When I am writing, I can feel the feelings that I am meant to feel without consciously or unconsciously smothering them or shutting down entirely. When the angels and demons of my imagination are free to run wild on the page, they spend far less time tinkering with my day-to-day reality and obscuring the ways in which I perceive and respond to the world around me.
The world opens itself to me and I to it, every waking moment lit by the animate and inanimate creations of the cosmos, comfortably blanketed by gravity and other natural forces, awakened to the unstoppable movement of celestial existence.
I can feel for and understand the people furthest from my own community, not forced to empathize but rather granted the simple recognition that they too are human beings also going through life’s pains and pleasures, dreams and realities. I can appreciate, in real-time, the preciousness of life to the point of safely shepherding a spider outside rather than flushing or crushing it.
Feel comfort in my own skin and the shoes of others. Understand more, speak with some fluidity and listen more attentively. Attempt to truly hear and see other people rather than just passively hearing and seeing my preconceived notions of them.
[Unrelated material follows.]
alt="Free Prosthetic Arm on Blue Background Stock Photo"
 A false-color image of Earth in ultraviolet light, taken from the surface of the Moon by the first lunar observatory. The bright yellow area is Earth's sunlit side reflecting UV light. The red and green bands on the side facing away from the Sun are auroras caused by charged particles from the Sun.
Tap into the energy of all that is, all that ever was, without the slightest effort or modicum of attention paid.
All just is, I just am.
Why I do not write becomes a more complicated and harder to reconcile question with the passing of each year. Now when I start to write after a stretch of not writing, though, I pay less mind to the weeks or months in which I did not write. I quickly re-enter that ideal presence and mindful headspace once again. I regain the conscious ability to see the forest for the trees and the trees for the freak miracle that put atoms in motion that would ultimately combine to soak water from dirt and energy from a star to produce the oxygen we breathe.
Coming out of those unproductive periods is never easy and maybe the first step out has become steeper with time. The internal arguments that prevent me from writing become more firmly rooted in more compelling realities – greater responsibility, less time, etc. – but lack a true foothold in reality. The challenges of life are very real, but some strange mechanism warps them into half-baked validations of why I’m not writing. Obstacles and setbacks and trauma and loss and success and euphoria are all brief in and of themselves, wielding them as a reason or narrative to defy one’s obligation to one’s craft is often eternal and terminal.
Even with this knowledge, I’ll no doubt fall back into a phase of non-writing eventually. Life is frenetic and unpredictable, but that is a constant for me and every other person on the planet. We fall into these holes for one reason or another, and struggle to claw our ways back to the surface with varying levels of difficulty according to what put us there in the first place.
For now, though, I will simply acknowledge that it feels good to be writing again.